We have already pondered the meaning of this teaching, for to create with speech seems to be a higher form of creation than to create by hand. How is it that everything else was created at God’s command, while man, who is higher than everything, was created by His hand? As we have explained, the holiness from above does not enter into the essence of the rest of creation but remains in the words of God’s verbal command. With the Jew, however, the holiness reaches into his every action. He is created, so to speak, at the very hands of God, and he is essentially and entirely holy.
This also explains the eternity of the Jewish people. Everything else was created with a verbal command, with God’s speech that is high above, shining upon them only from a great distance. The light is not fixed inside them and does not exist within them; it is like a flash of lightning that illuminates them for a short time. This is not the case, however, with the Jewish people. They were created at God’s hands, and so their holiness is in their makeup. Wherever they are, it exists within them, and so they are eternal. The very physical corpus of the Jew is eternal, because when a person expends his strength for Torah and worship, and he makes a part of Torah and worship out of his body’s energy, his whole body is elevated to the eternal world, existing forever. Only the food he consumed during his lifetime, which was added temporarily to his body, is subsequently lost.
This is the meaning of “God rages for as long as it takes to say rega.” It is all part of God’s loving-kindness that it is just momentary, affecting only those parts of the body that were created by God’s verbal command. The wrath is only in order to purify, whereas if, God forbid, the suffering were drawn out, it would also touch upon that part of the Jew that was created at God’s hands.
This is why the Jewish people have the ability to sustain themselves in their suffering. Right from the beginning, the Jewish person does not fall; he merely lays himself down. But even with the act of laying himself down, he brings down his enemies, because the Jew is created at the hands of God, blessed be He, and His holiness persists into the essential core of the Jewish person. This is what the verses quoted above are hinting at: “God their Lord is with them. . . .”

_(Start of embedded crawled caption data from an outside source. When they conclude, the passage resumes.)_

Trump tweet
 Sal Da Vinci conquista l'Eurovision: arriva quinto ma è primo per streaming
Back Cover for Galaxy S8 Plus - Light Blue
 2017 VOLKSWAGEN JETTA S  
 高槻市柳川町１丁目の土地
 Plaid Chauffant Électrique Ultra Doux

“This is a nation that rises like the king of beasts.” It gets up again, buttressing and encouraging itself. “It does not lie down until it has devoured its prey and drunk the blood of its kill.” The Jew never falls utterly. At most he will lay himself down, and even then, as he does so, he does more damage to his enemies than to himself. This is why “He rises like the king of beasts.” Even when he is in the most terrible distress, “He lifts himself like a lion.”